Political progress has been modest but parties insist legislation is not the only measure of success
As Stormont is dissolved ahead of May 5's election Political Correspondent John Manley assesses how the executive and legislative assembly fared over the past five years...
"FOUR or five years from now, we will not be judged on the size of our first preference votes but on what we have done to make life better for the people whom we represent – we will be judged on delivery."
Those were the words of then First Minister Peter Robinson, speaking in May 2011 as the assembly convened after the election.
In the previous four-year mandate, the DUP and Sinn Féin had bedded-in reasonably comfortably during their first stint in government together and with both parties adding to their tally of MLAs, expectations for political progress were reasonably good.
So how much did Stormont actually deliver in the following five years? In terms of legislation, the numbers are neither shamefully low or commendably high – they are just OK.
Drill down into the substance of what has been passed by the assembly, however, and there seems an apparent dearth of imagination and determination.
Of the five dozen odd bills sponsored by the executive – five were private members’ bills – few could be regarded particularly pioneering.
The plastic bag tax is often lauded as an example of an effective, progressive and popular measure, yet it is inconspicuous in its isolation, while its impact on reducing overall litter levels is debatable.
The majority of legislation that doesn’t relate to budgets and other administrative business, merely tweaks the current system.
Most progress meanwhile has been made around the negotiating table rather than in the assembly – the latter merely implementing solutions thrashed out elsewhere in private.
Yet the big ticket issues of flags, parades and the past are endlessly fudged or deferred to commissions.
Any progress should be welcomed, Stormont’s big two parties would argue, and once upon a time that was indeed the case.
However, processes such as the Haass talks in late 2013 and the two subsequent rounds of Stormont House negotiations are merely a substitute for democracy not complementary to it.
In defence of the executive and the assembly you can point to various crises that have undermined the smooth running of the institutions – flag protests, parading issues, funding shortfalls, IRA murder, letters from America, welfare reform – but often the parties themselves bear much of the responsibility for the ill that transpired.
The events early last autumn triggered by the murder of Kevin McGuigan arguably marked a low point in the mandate as devolution was apparently brought to the brink of collapse.

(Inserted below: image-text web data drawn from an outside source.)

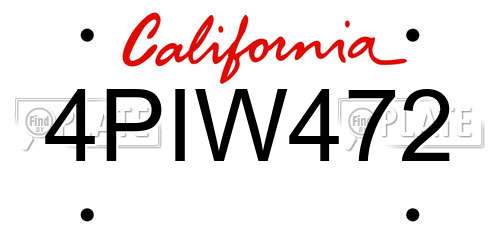 4PIW472 California License Plate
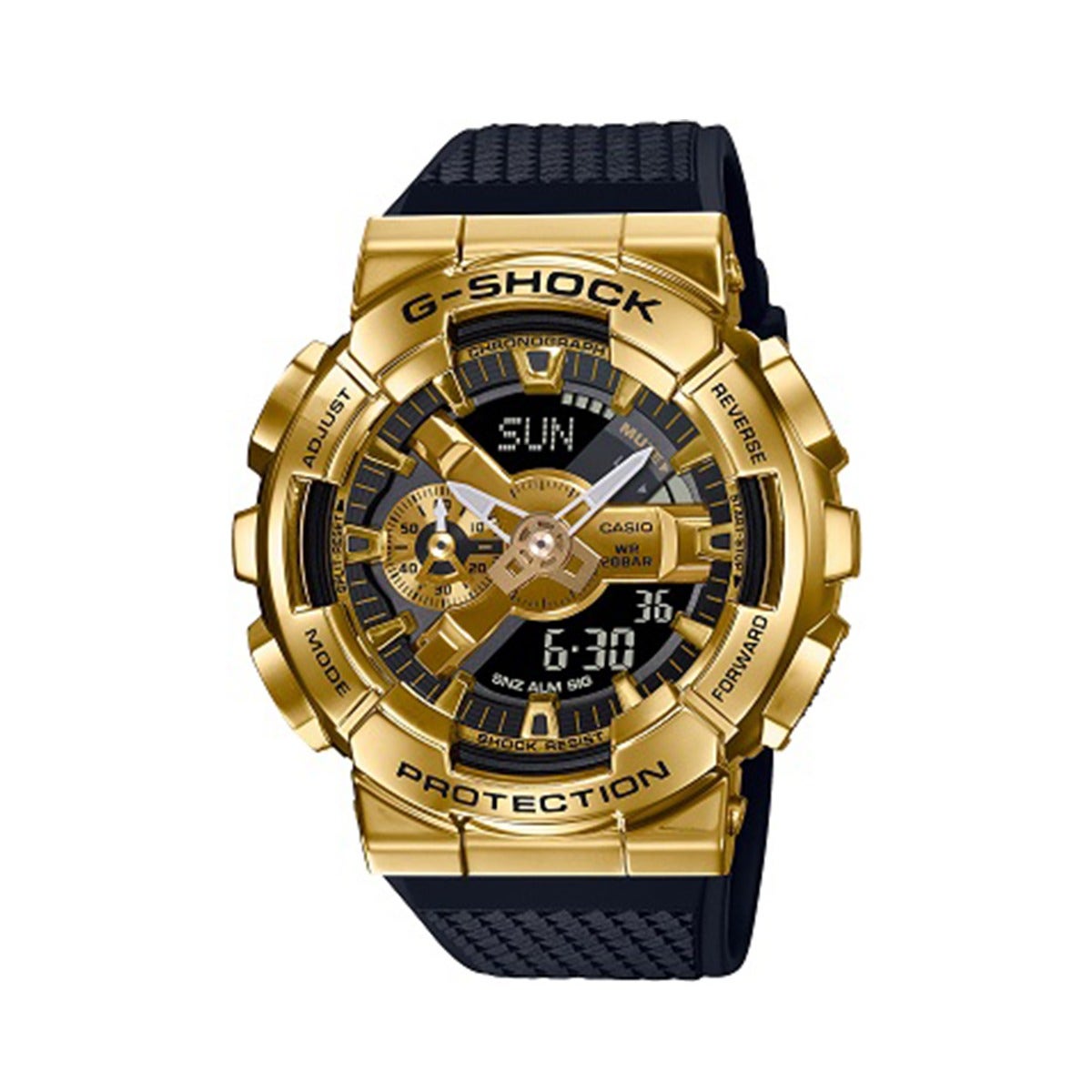 G-Shock Men's Gravity Master Quartz Gold-Tone Stainless Steel Watch with Black Resin Strap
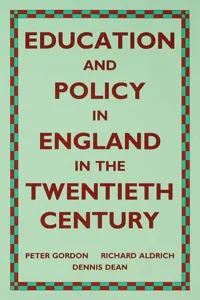 Education and Policy in England in the Twentieth Century_cover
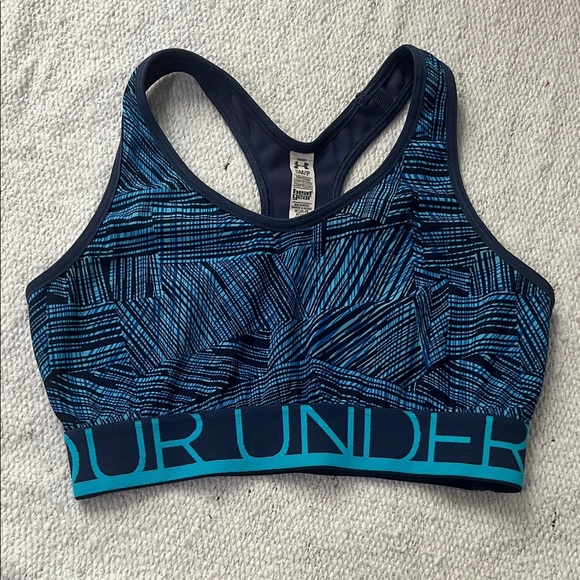 Under Armour Blue Patterned Sports Bra - Picture 1 of 3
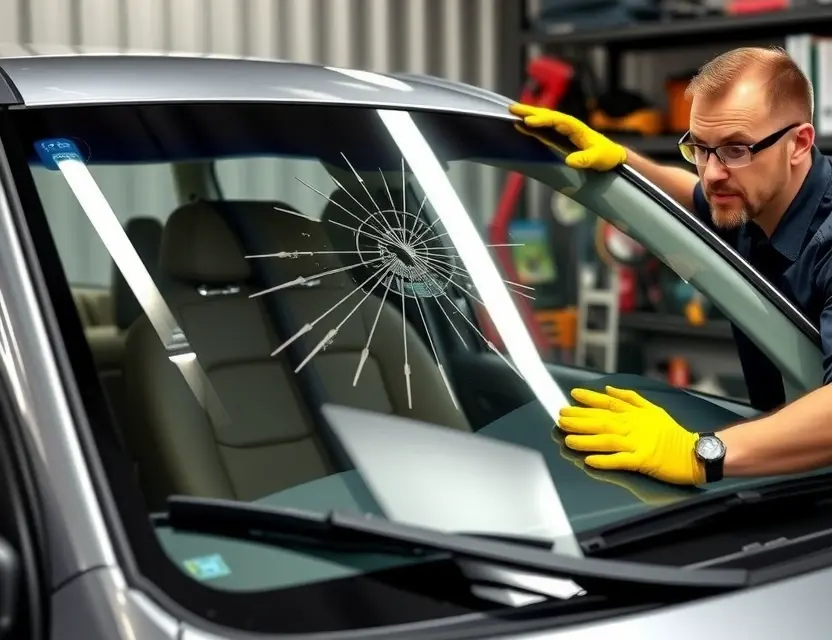 A SsangYong Korando with a cracked windshield being replaced by a mechanic. The mechanic is wearing safety glasses and gloves. The replacement windshield is being installed. The background is a garage setting with tools and equipment.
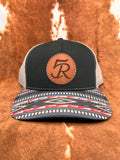 5R Sewn Leather Patch - Black & Gray with Aqua Aztec Bill Trucker
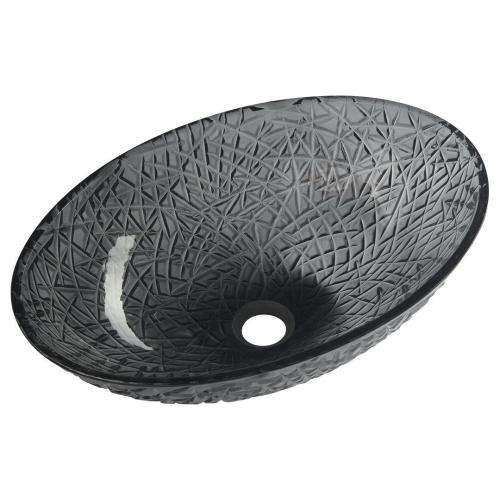 PURUS umywalka szklana 50x36 cm, czarna TY305SG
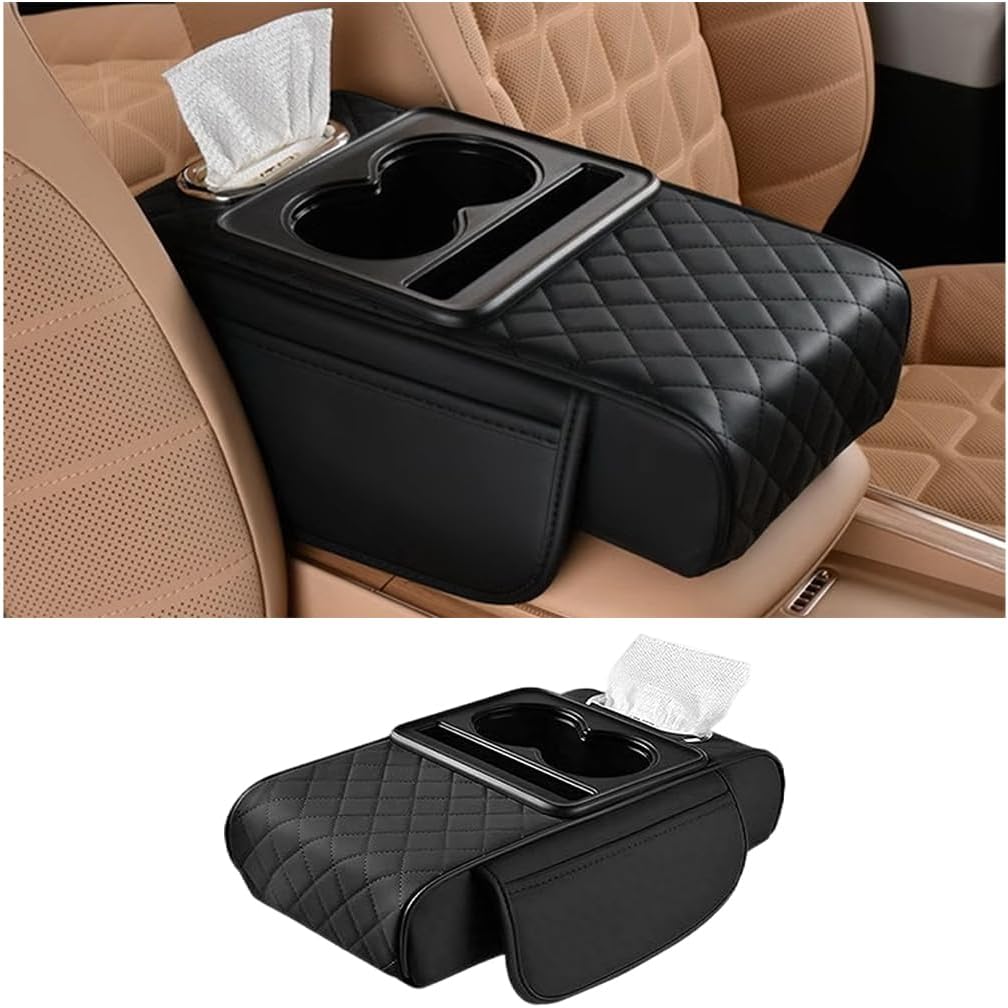 Auto Armsteunbak Met 2 Bekerhouders Auto Middenconsole Armsteun Kussen Armsteun Verhogingskussen Auto Armsteun Kussenhoes Pad Bak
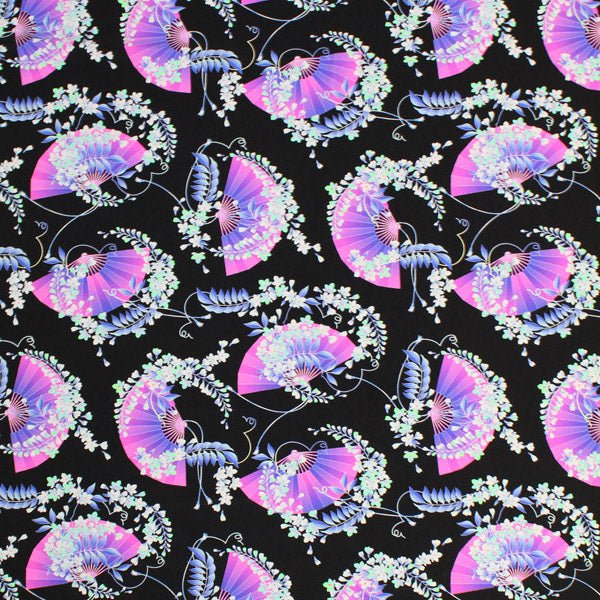 Printed Spandex Japanese Fans Black Pink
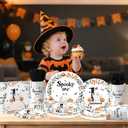 Spooky One Birthday Decorations for Boy,Halloween 1st Birthday Party Tableware Decorations Black Halloween Cartoon Ghost Pumpkin Leaves Wreath Disposable Plates Napkins Cups Forks and Knifes,Serve 24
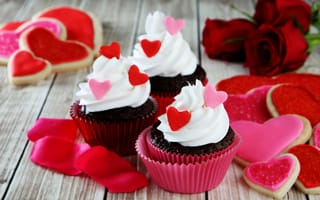 Картинка розы, кексы, выпечка, крем, сердца, глазурь, десерт, сладкое, день святого валентина, любовь, печенье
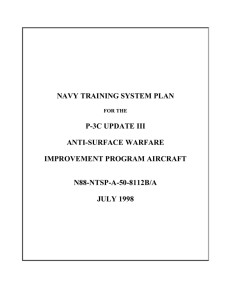 NAVY TRAINING SYSTEM PLAN P-3C UPDATE III ANTI-SURFACE WARFARE IMPROVEMENT PROGRAM AIRCRAFT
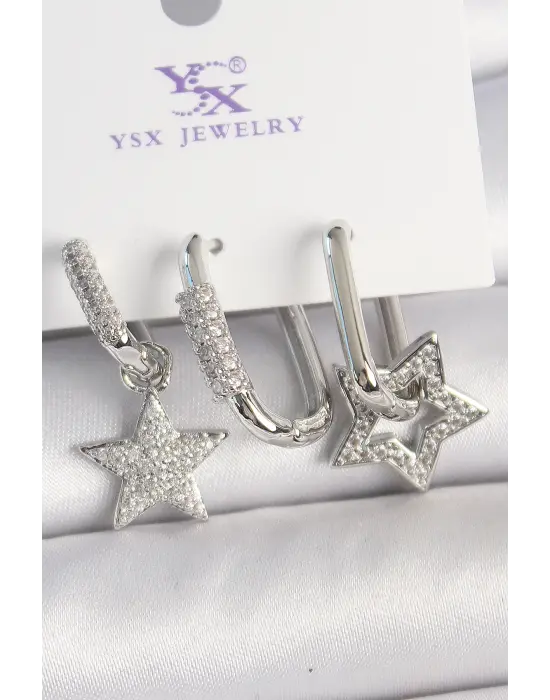 Pirinç Gümüş Renk Sallantı Zirkon Taşlı Yıldız Model 3Lü Kadın Kombin Küpe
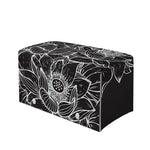 Monochrome Lotus Print Leather Tissue Box Cover
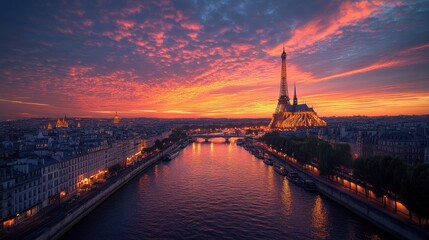 Fototapeta premium Surreal sunset over Paris with multiple Eiffel Towers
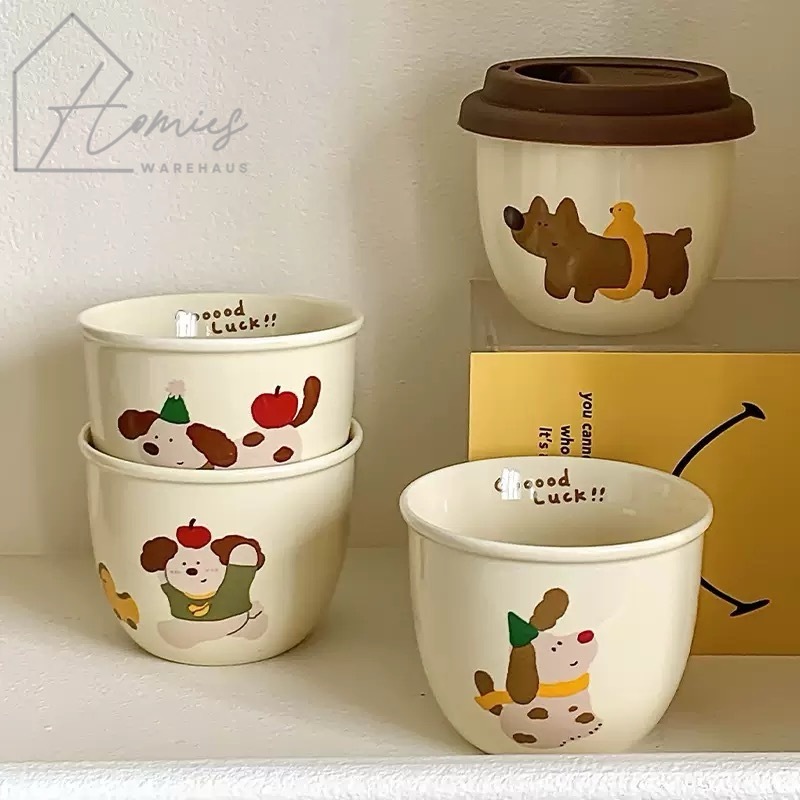 【พร้อมส่ง】 แก้วกาแฟ แก้วชา มีฝาปิด เซรามิก ลายหมา น่ารัก สไตล์เกาหลี มินิมอล ใช้เป็นพร็อพถ่ายรูปได้ ถ้วยใส่กาแฟแบบฝา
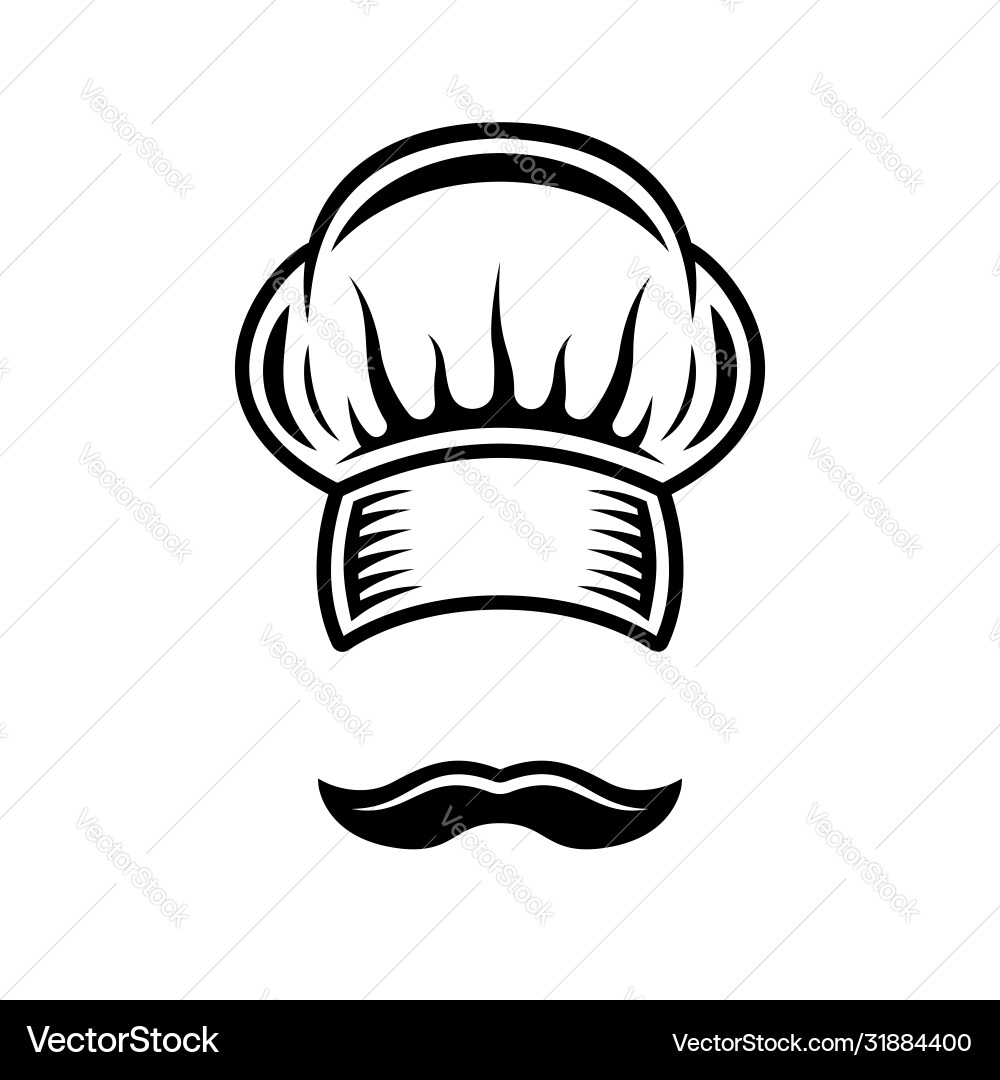 Chef hat and mustache objects or elements Vector Image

In a series of events which demonstrated how abnormal the north’s political system remained, Sinn Féin’s paramilitary antecedents came back to haunt it, prompting the Ulster Unionists to leave the executive and the DUP to embark on its ill-advised policy of ministerial resignations and re-nominations.
It proved a particularly farcical episode for Peter Robinson's party and one that no doubt hastened his departure soon afterwards.
The five-year mandate was not a complete failure but years earlier at the signing of the Good Friday Agreement, expectations about the effectiveness of devolved government would no doubt have been much greater.
As the two biggest executive parties are keen to point out, the success of the mandate cannot be judged on legislation alone.
Instead they highlight how 66 of 82 commitments in the Programme for Government have been achieved – a success rate of 80.5 per cent, compared to the previous mandate's 69.5 per cent.
But whether the public will regard these statistics as the delivery they were promised is debatable.